Мое информационное меню обеднело настолько, что остается, по большому счету, одно блюдо — статьи Карасина. Их все еще много, и я поглощаю их без прежнего аппетита. После материала о Виктюке у меня гудит голова и подташнивает, я чувствую себя разбитым, как в похмельное утро. Я словно побывал в уличном переплете, хотя теперь я готов признать, что есть в мире вещи, за которые не стыдно избить в темном переулке. За Виктюка Карасин заслуживал наказания, и я не чувствую даже малейших покалываний совести, жалея о том, что отомстить за показавшейся мне родственной душу уже не получится.
— Не сможешь сегодня? — спрашивает меня трубка голосом Марии.
Вычислить мои намерения для нее не представляет труда, ведь Мария относится к редчайшему типу женщин. Она, можно сказать, уникум: позволяет бесконечно обманывать свои ожидания. А ожидание у Марии с некоторых пор одно — это я.
И это после всего, что у нас было. И это после того, что все у нас было всего однажды.
Редкий секс, кстати, не стал для меня шоком. Последние годы с Наташей научили меня половому смирению. Хотя с Марией, возможно, способностью воздерживаться я лишь оправдываю собственную лень. С Наташей все было по другому: я хотел секса, и иногда даже паниковал, чувствуя, как желание угасает во мне. Я не виню ее, просто Наташа ничего с собой не могла поделать. Как любая нормальная женщина, запрограммированная на деторождения, она эту программу выполнила дважды, но заслуженного умиротворения не получила. Мои заработки постепенно превращали ее в хищницу, но я не мог рассчитывать на то, что свою энергию она будет расходовать в постели. Она хотела набитого купюрами матраца, а от нашего ложе у Наташи ломило в спине.

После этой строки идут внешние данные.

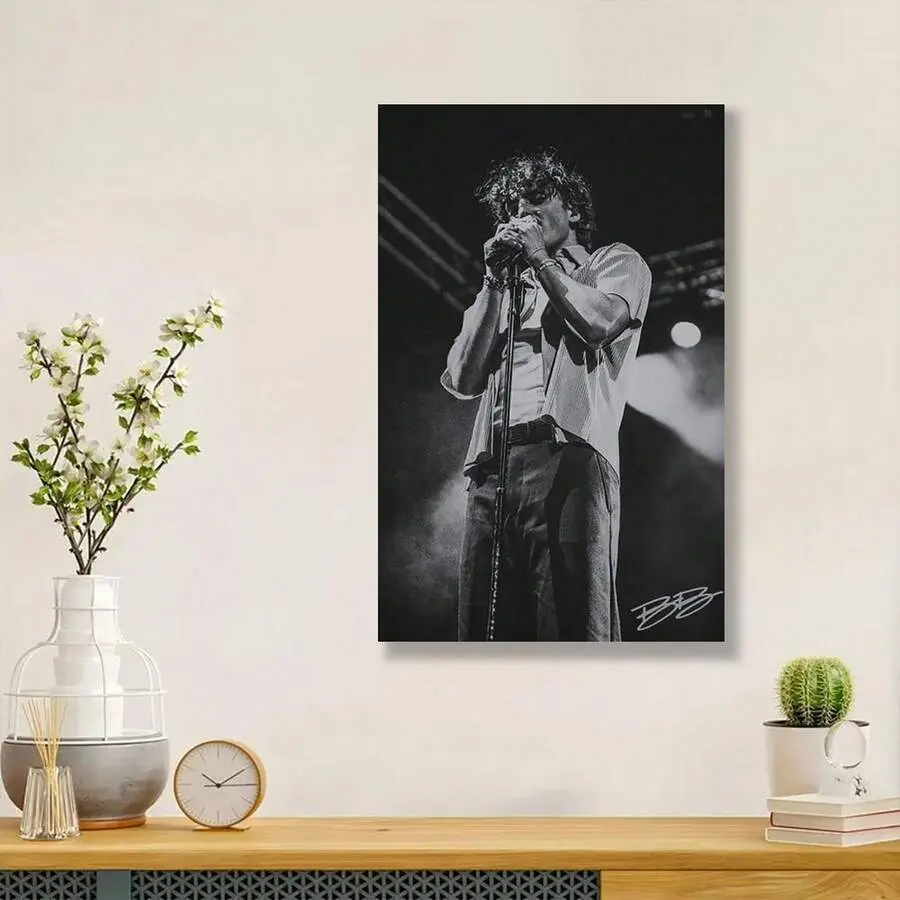 Vintage Black & White Singer Concert Canvas Wall Art - Lightweight Artistic Photo Print, Rock Music Live Poster, Decor for Bedroom, Signed Style, Gift Option, Unframed or Framed Available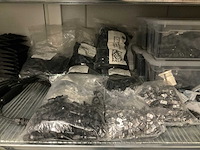 Grote partij benodigdheden voor zonnepanelen - afbeelding 4 van  26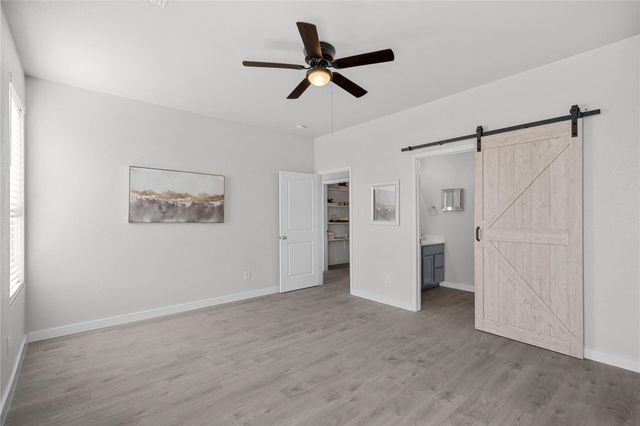 1110 Greywood Drive, Van Alstyne, TX 75495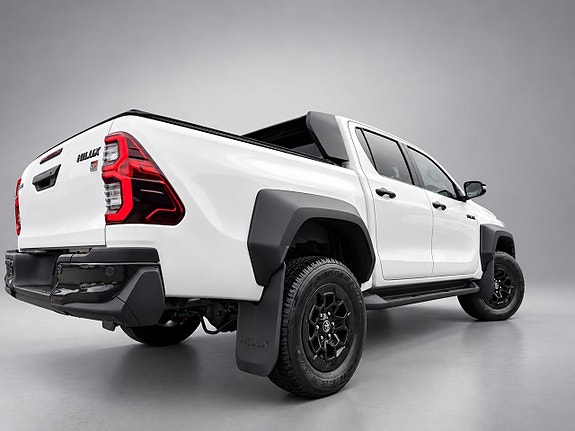 Toyota HiLux 26 of 26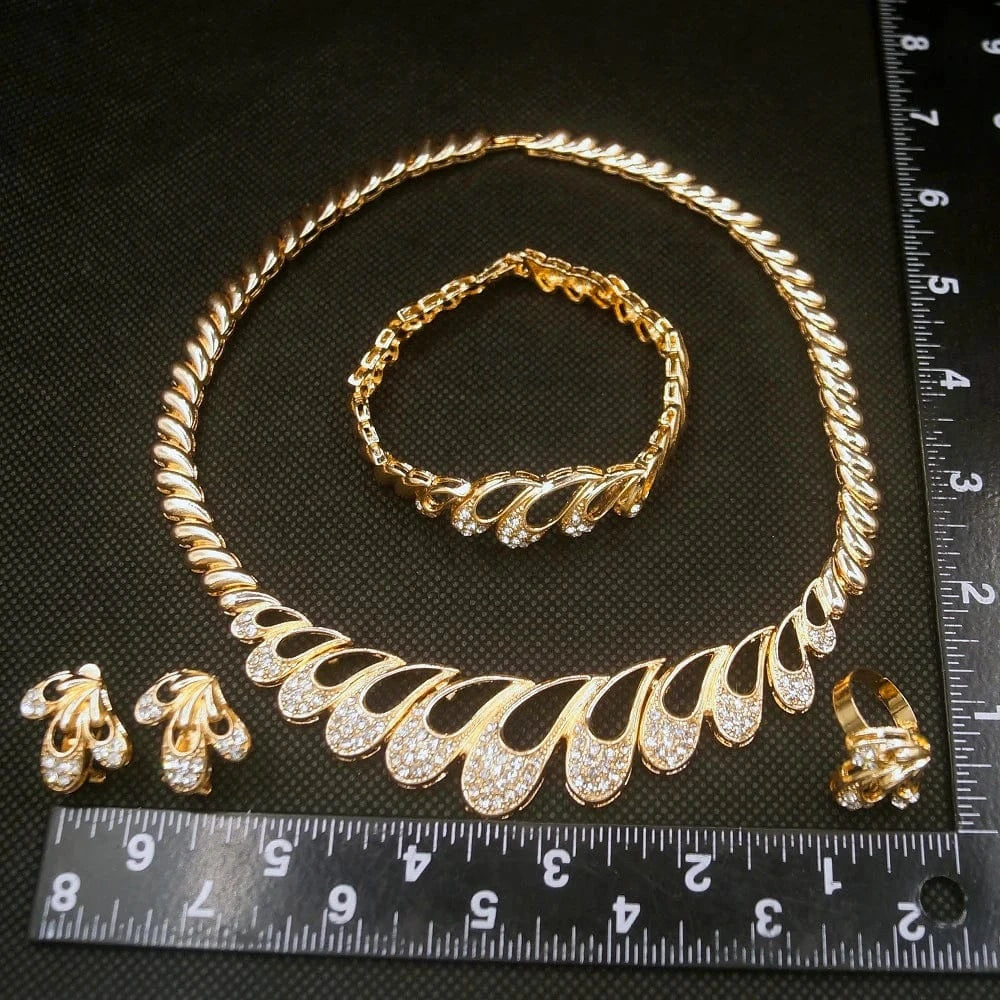 Zhuerrui Brand Designer Hot Selling Jewelry 18k Gold Wedding Jewelry Set Accessories Big Brazilian Gold Jewelry Sets HC10026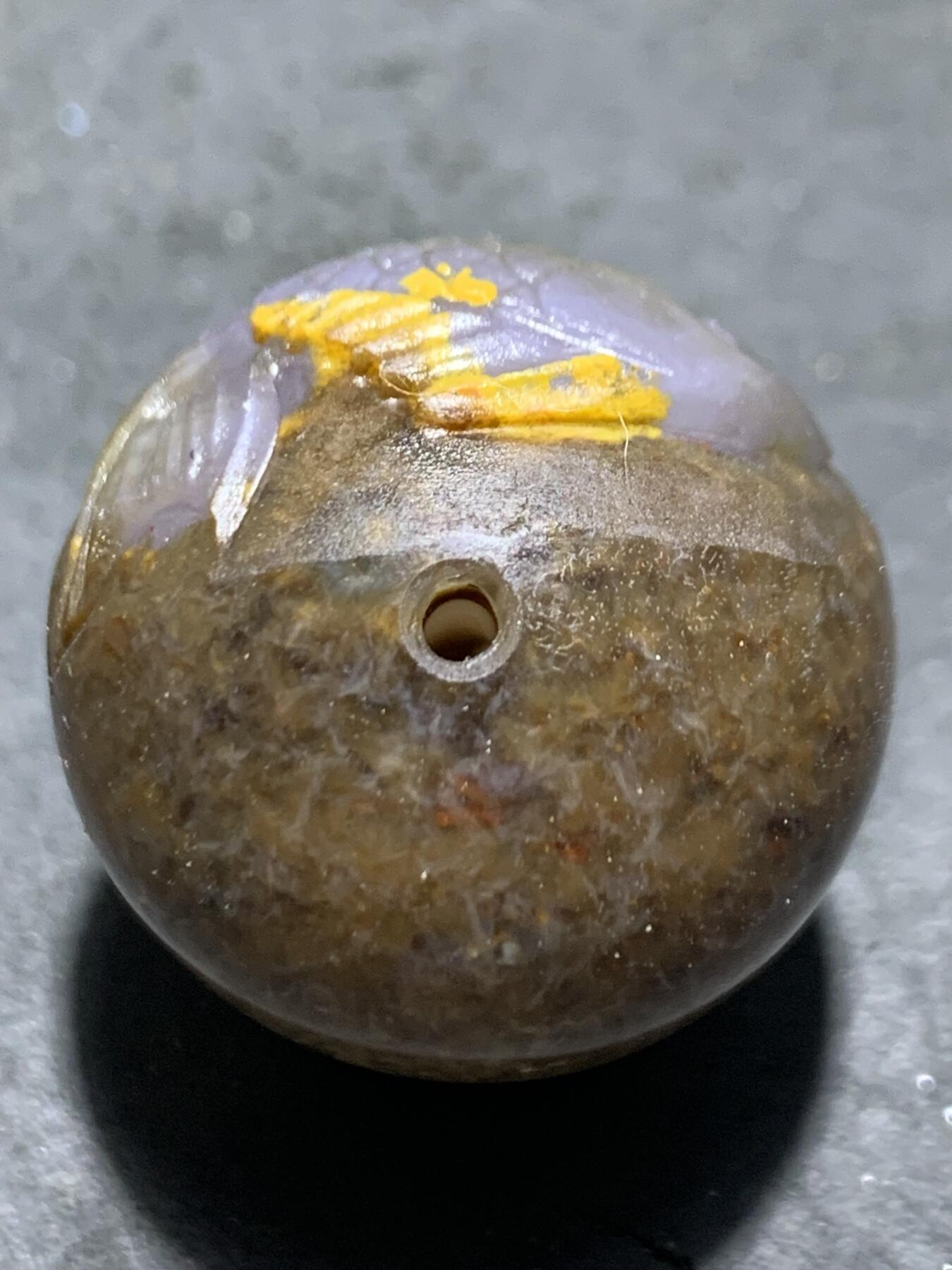 精美亚光冰飘糖心料战国红玛瑙手工巧雕富贵有余圆珠一个，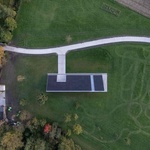 Ve vesnici Utriai představuje architektonická kancelář G. Natkevičius & Partners projekt, kde se pod kovovým „pancířem“ skrývá nejen ono očekávatelné strojní zařízení, ale také útulný prostor uzpůsobený pro ubytování hostů a přenocování. Foto: Lukas Mykolaitis Ve vesnici Utriai představuje architektonická kancelář G. Natkevičius & Partners projekt, kde se pod kovovým „pancířem“ skrývá nejen ono očekávatelné strojní zařízení, ale také útulný prostor uzpůsobený pro ubytování hostů a přenocování. Foto: Lukas Mykolaitis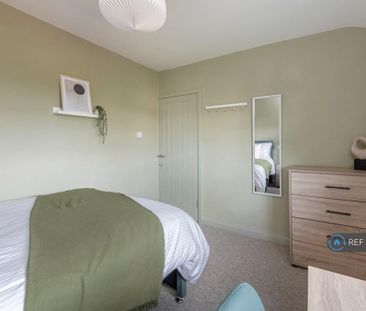 6 bedroom semi-detached house to rent - Photo 2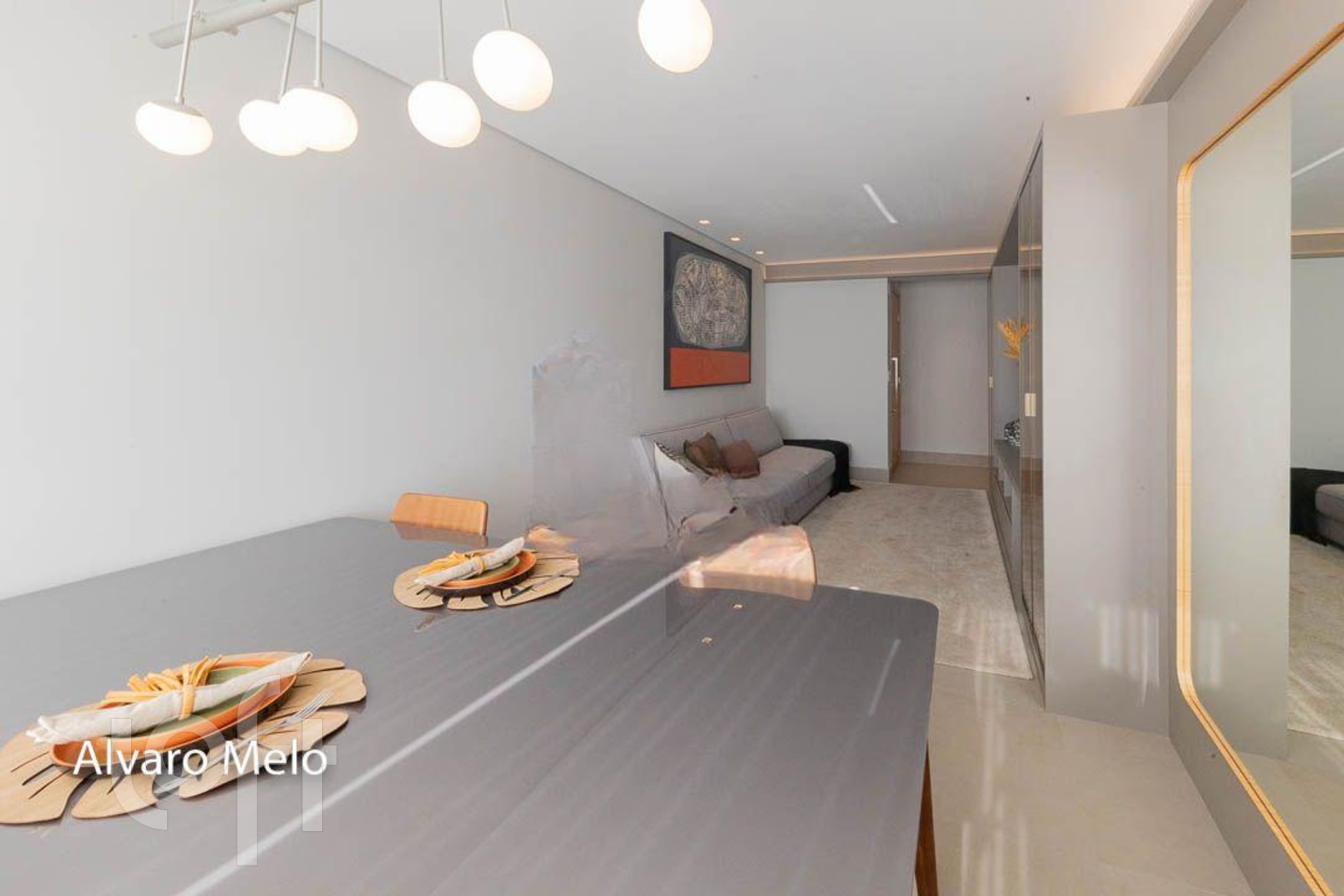 Apartamento à venda com 2 quartos, 67m² - Foto 3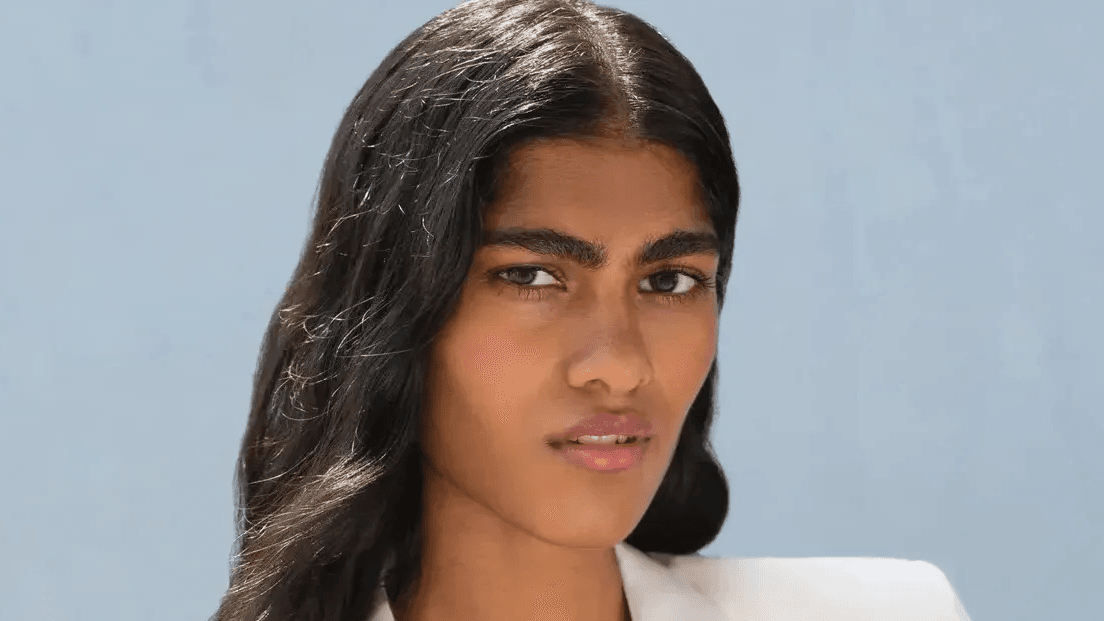 How to use bronzing drops correctly, according to pro makeup artists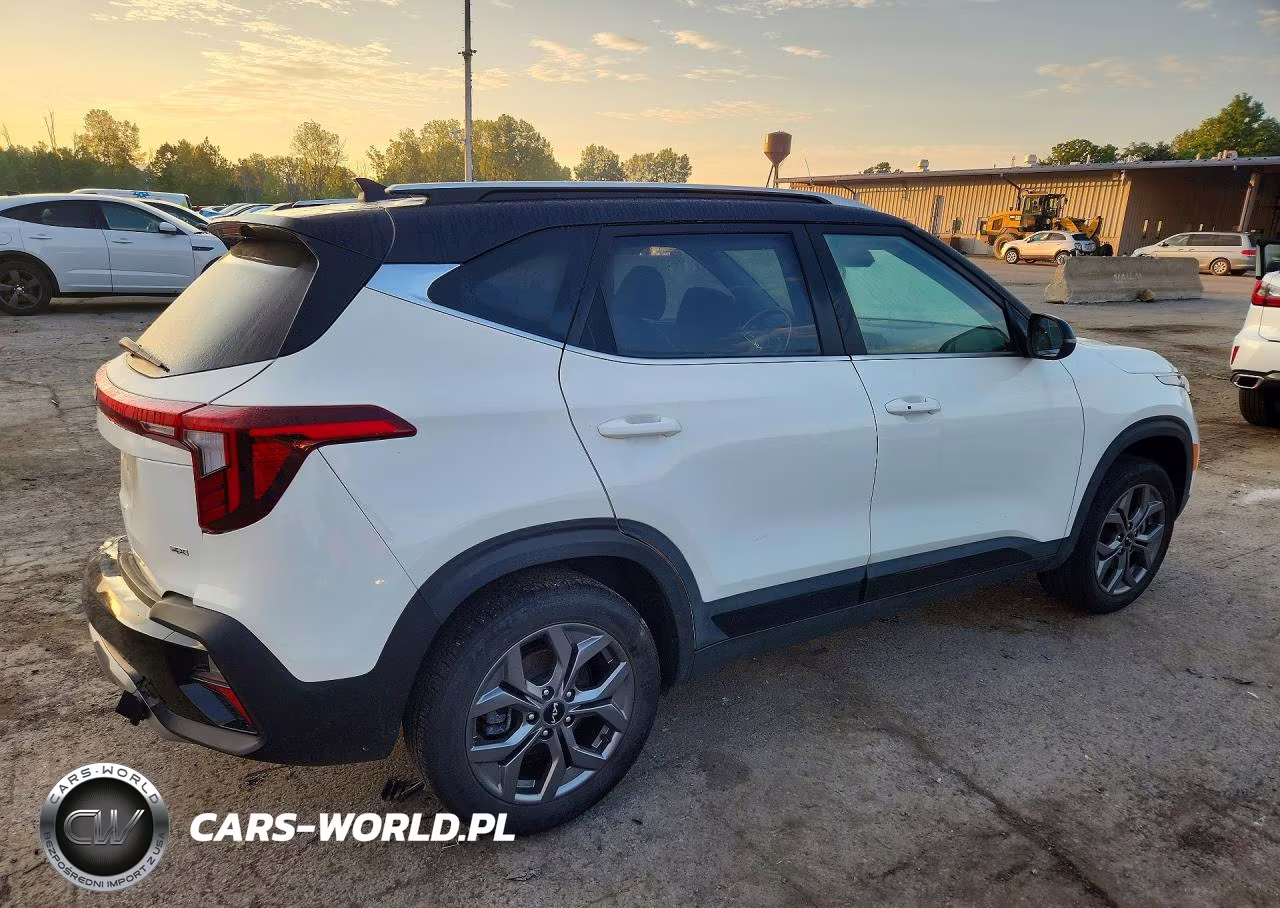 2024 Kia Seltos S VIN:KNDEUCAA3R7552129 - 3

Стоит ли удивляться, что мы задолго до развода перестали спать вместе? Мы без труда находили оправдания, каждый из нас ждал от другого лжи, и мы легко и без уверток подыгрывали друг другу.
Наташа спала в детской комнате. Ее волновали одеяло Андрея, которое он сбрасывал себя по десять раз за ночь, и ночной горшок Валерии. Мне эти проблемы не грозили, зато я вставал в пять утра, и ранние рабочие будни служили мне не менее убедительным, чем Наташины материнские хлопоты, оправданием. Мы играли друг с другом, мы обманывали и заранее настраивались на обман. Правда, я до конца не предполагал, что наша заведомо ничейная партия завершиться моим поражением, как не верю до сих пор, что себя Наташа считает победительницей.
Когда же жена ушла, во мне словно повернули ключ зажигания. Я почувствовал, как заглохшее было либидо снова набирает обороты. Дома у меня звенело в ушах; я списывал это на давление, а не на одиночество. В сердце же поселился скорпион с огромным жалом. Помимо этого, меня одолевала новая беда — мысли о самоубийстве, но как ни странно, при всех моих проблемах я чувствовал себя очень бодро. Мне было легко: с меня свалилась тяжелая ноша, и я чувствовал себя готовым к тому, чтобы завоевать едва проигранное. Поначалу мне очень хотелось, чтобы Наташа узнала о моей новой работе — не от меня, конечно. Я не рассчитывал вызвать у нее приступ гордости, да мне и самому хотелось поскорее вырваться из окружившей меня толпы возбужденных пресненских коллег. Я мог рассчитывать лишь на трезвый ум и логику Наташи — качества, которые она вынуждена была выпестовать в себе за годы нашей совместной жизни. А еще — на то, что она оценит широту открывшихся мне перспектив.